Guenther, E. W.; Díaz, R. F.; Gazzano, J.-C.; Mazeh, T.; Rouan, D.; Gibson, N.; Csizmadia, Sz.; Aigrain, S.; Alonso, R.; Almenara, J. M.; Auvergne, M.; Baglin, A.; Barge, P.; Bonomo, A. S.; Bordé, P.; Bouchy, F.; Bruntt, H.; Cabrera, J.; Carone, L.; Carpano, S.; Cavarroc, C.; Deeg, H. J.; Deleuil, M.; Dreizler, S.; Dvorak, R.; Erikson, A.; Ferraz-Mello, S.; Fridlund, M.; Gandolfi, D.; Gillon, M.; Guillot, T.; Hatzes, A.; Havel, M.; Hébrard, G.; Jehin, E.; Jorda, L.; Lammer, H.; Léger, A.; Moutou, C.; Nortmann, L.; Ollivier, M.; Ofir, A.; Pasternacki, Th.; Pätzold, M.; Parviainen, H.; Queloz, D.; Rauer, H.; Samuel, B.; Santerne, A.; Schneider, J.; Tal-Or, L.; Tingley, B.; Weingrill, J.; Wuchterl, G.
Bibliographical reference

Astronomy and Astrophysics, Volume 537, id.A136

Advertised on:
1
2012
Number of authors
54
IAC number of authors
5
Citations
28
Refereed citations
23
Description
Context. Observations of transiting extrasolar planets are of key importance to our understanding of planets because their mass, radius, and mass density can be determined. These measurements indicate that planets of similar mass can have very different radii. For low-density planets, it is generally assumed that they are inflated owing to their proximity to the host-star. To determine the causes of this inflation, it is necessary to obtain a statistically significant sample of planets with precisely measured masses and radii. Aims: The CoRoT space mission allows us to achieve a very high photometric accuracy. By combining CoRoT data with high-precision radial velocity measurements, we derive precise planetary radii and masses. We report the discovery of CoRoT-19b, a gas-giant planet transiting an old, inactive F9V-type star with a period of four days. Methods: After excluding alternative physical configurations mimicking a planetary transit signal, we determine the radius and mass of the planet by combining CoRoT photometry with high-resolution spectroscopy obtained with the echelle spectrographs SOPHIE, HARPS, FIES, and SANDIFORD. To improve the precision of its ephemeris and the epoch, we observed additional transits with the TRAPPIST and Euler telescopes.
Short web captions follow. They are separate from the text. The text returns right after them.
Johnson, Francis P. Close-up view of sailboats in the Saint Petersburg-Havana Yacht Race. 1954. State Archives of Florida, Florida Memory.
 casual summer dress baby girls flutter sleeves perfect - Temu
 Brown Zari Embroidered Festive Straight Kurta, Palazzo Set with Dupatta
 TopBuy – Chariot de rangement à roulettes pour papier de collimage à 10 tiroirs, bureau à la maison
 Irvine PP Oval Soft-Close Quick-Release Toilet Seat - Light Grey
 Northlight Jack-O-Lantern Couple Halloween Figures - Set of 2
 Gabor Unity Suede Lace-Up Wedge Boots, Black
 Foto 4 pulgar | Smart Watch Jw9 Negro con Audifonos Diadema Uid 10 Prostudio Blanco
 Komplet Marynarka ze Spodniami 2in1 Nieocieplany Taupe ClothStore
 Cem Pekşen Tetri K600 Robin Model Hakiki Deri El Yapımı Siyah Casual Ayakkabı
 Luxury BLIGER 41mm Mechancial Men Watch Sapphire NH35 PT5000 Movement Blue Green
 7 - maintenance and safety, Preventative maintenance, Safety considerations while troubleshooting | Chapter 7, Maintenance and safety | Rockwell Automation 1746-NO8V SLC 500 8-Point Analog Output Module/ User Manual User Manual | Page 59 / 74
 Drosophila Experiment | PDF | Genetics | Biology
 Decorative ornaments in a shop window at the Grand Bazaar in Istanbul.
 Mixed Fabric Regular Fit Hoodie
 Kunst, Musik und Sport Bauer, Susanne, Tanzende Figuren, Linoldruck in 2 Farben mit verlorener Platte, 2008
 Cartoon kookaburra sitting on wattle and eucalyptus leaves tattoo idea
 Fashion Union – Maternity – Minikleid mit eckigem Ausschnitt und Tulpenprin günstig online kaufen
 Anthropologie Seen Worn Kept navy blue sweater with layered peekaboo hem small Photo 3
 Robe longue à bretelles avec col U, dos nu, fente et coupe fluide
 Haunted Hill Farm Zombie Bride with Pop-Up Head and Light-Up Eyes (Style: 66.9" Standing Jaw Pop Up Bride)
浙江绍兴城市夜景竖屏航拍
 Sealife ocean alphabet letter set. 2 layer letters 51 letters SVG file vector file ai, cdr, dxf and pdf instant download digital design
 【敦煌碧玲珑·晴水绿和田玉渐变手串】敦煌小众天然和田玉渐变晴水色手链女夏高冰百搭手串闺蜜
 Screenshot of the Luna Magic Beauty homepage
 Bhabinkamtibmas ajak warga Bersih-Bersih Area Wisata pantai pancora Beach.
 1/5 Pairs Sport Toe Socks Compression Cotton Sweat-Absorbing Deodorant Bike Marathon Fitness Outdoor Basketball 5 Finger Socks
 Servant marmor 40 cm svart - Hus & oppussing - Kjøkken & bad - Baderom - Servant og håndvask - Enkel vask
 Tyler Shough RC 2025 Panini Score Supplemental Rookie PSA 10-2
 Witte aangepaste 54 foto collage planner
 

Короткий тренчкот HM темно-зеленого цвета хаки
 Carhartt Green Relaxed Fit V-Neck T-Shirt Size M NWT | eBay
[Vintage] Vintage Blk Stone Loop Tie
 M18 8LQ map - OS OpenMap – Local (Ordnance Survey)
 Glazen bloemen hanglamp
Using HARPS spectra obtained during the transit, we then determine the projected angle between the spin of the star and the orbit of the planet. Results: We find that the host star of CoRoT-19b is an inactive F9V-type star close to the end of its main-sequence life. The host star has a mass M∗ = 1.21 ± 0.05 M&sun; and radius R∗ = 1.65 ± 0.04 R&sun;. The planet has a mass of MP = 1.11 ± 0.06 MJup and radius of RP = 1.29 ± 0.03 RJup. The resulting bulk density is only ρ = 0.71 ± 0.06 g cm-3, which is much lower than that for Jupiter. Conclusions: The exoplanet CoRoT-19b is an example of a giant planet of almost the same mass as Jupiter but a ≈30% larger radius. The CoRoT space mission, launched on December 27, 2006, has been developed and is operated by the CNES, with the contribution of Austria, Belgium, Brazil, ESA (RSSD and Science Program), Germany and Spain. Partly based on observations obtained at the European Southern Observatory at Paranal, Chile in program 184.C-0639, and partly based on observations conducted at McDonald Observatory.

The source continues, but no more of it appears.